So we know what to call the white keys on the piano. But what about the black ones in between? Well they actually have two names depending on where you're coming from. "There's no reason to keep it simple" the monks said "The more complicated we make it, the easier it is for us to keep the riff raff out." Let's humor these guys from the past and see what they came up with.

The note in between the C and the D is called either a C sharp or a D flat:

And the black key in between the D and the E is referred to as the D sharp or the E flat:

But the E note can also be called an F flat if you refer to it as the lowered F. This is so stupid though, that if you ever hear anyone say "Hey guys let's stay on that F flat for two more bars" you are entitled to call him a monk an go "The F flat is an E, OK!" Also, instead of simply calling the F the F, you could call it an E sharp, since the E sharp is the same as the F but that would be just as pointless. We could create the same confusion around the B and the C because these two notes don't have any black key in between them either. Let's look at a fretboard example:

In this example all the "white key notes" are yellow and all those in between are grey. They are all named by raising the note below them. The note between F and G, is called F sharp, but it could have been called G flat as well.

"Confusion is the first step to knowledge"


Writing this down

The way to write these down on paper is to write a "#" or a "b" after the letter.
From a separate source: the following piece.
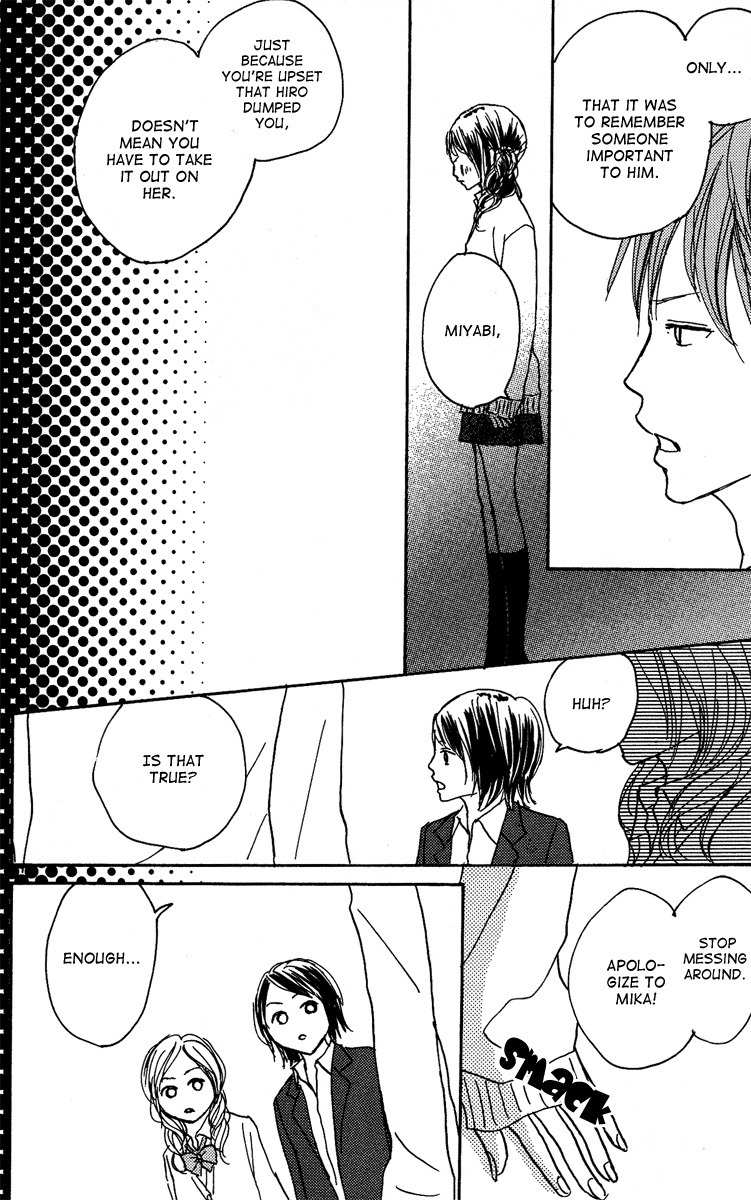 Koizora Chapter 17 page 30 - Chapter 17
So the C sharp would look like this: C#. And the B flat would look like this: Bb. I have no idea why these two symbols won the contest over more logical things like "+" and "-" or how about "u" for "Up" and "d" for "Down?" or they could have chosen the letter "R" for "Raised" and "L" for "Lowered" But none of these, very logical alternatives, were sophisticated enough for our monk friends, instead they asked the local town fool what they should do. Seriously, I have no idea why we use these symbols but if you know someone who does, please have him email me.
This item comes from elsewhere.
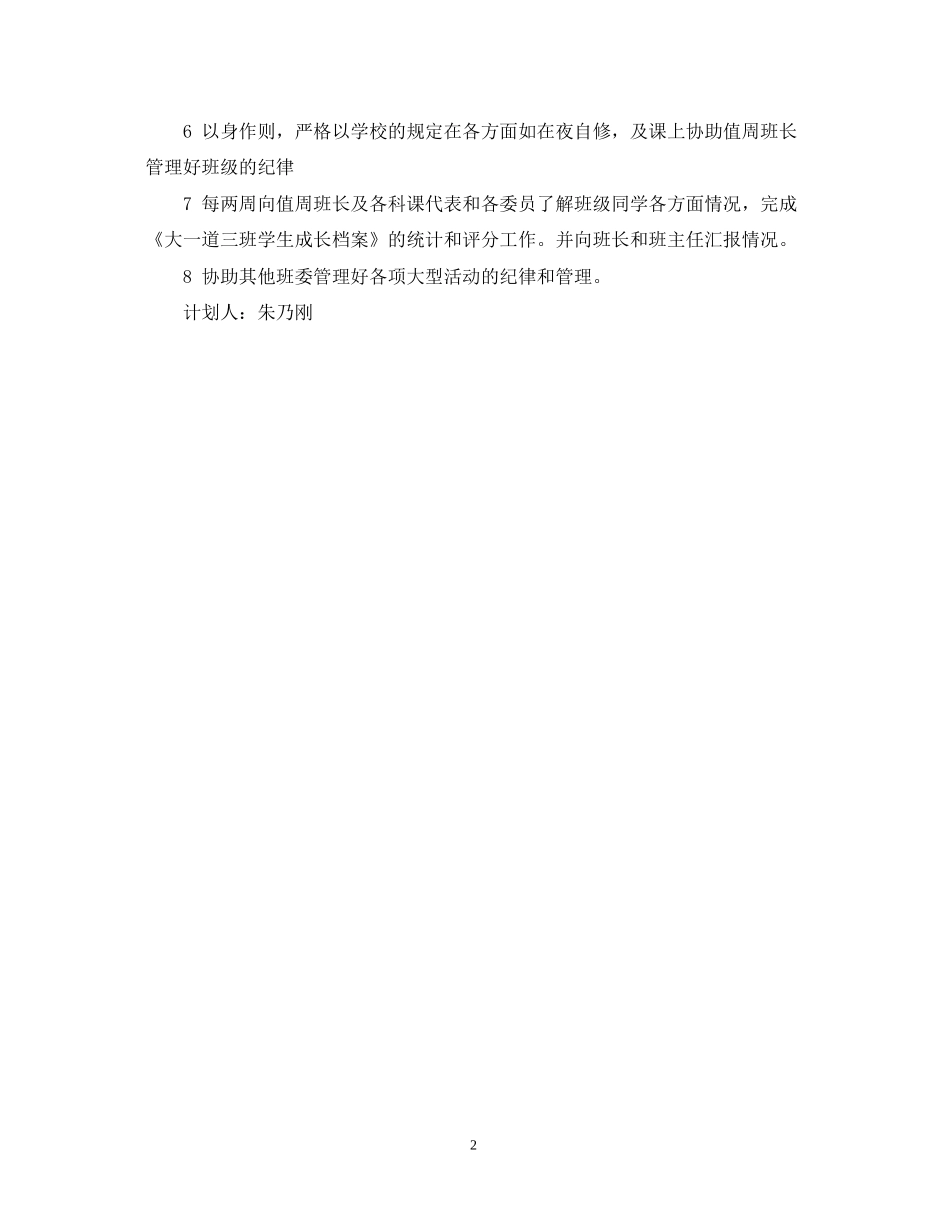 纪检委员工作计划范文_第2页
But the black keys on the piano are not the only notes that have a weird name. The white ones also has a special little sign and an extra name to them. The ABCDEFG notes are called "natural" notes. So now you have sharp and flat notes and also natural ones. Here are all the 3 symbols:

But it doesn't end there! Because sometimes you'll find two sharps after a note when you read music scores. So you'll not only come across the C# but also the C##. And what's a C##!? It's a double raised C of course. And that is the same as the D note. I'm not going to go into the specific reasons for this silly behavior - because this would require a longer article about the whereabouts of medieval common sense and logical reasoning. But if you run into a classical music teacher, buy him or her a beer and then pop the question. It'll be a long and interesting night. The madness seems to stop there though. I've never seen the note E described as a C####...

It's still the same old game

Again - This knowledge is not essential, it's just basic and it can be very useful at times. You can be a true virtuoso car mechanic and not know the "right" names for any of the parts of the car. But it's going to make it easier to communicate with others if you know the language of the business. And what I've covered so far is just that. Language. It's the same twelve notes we're dealing with. It's the same simple fabric of all music that we're talking about. I'm just putting words to them and that doesn't add anything to the simplicity of music, but it does add something to how we
think about that simplicity. Keep it simple. Know that music theory is just that: Theory about music.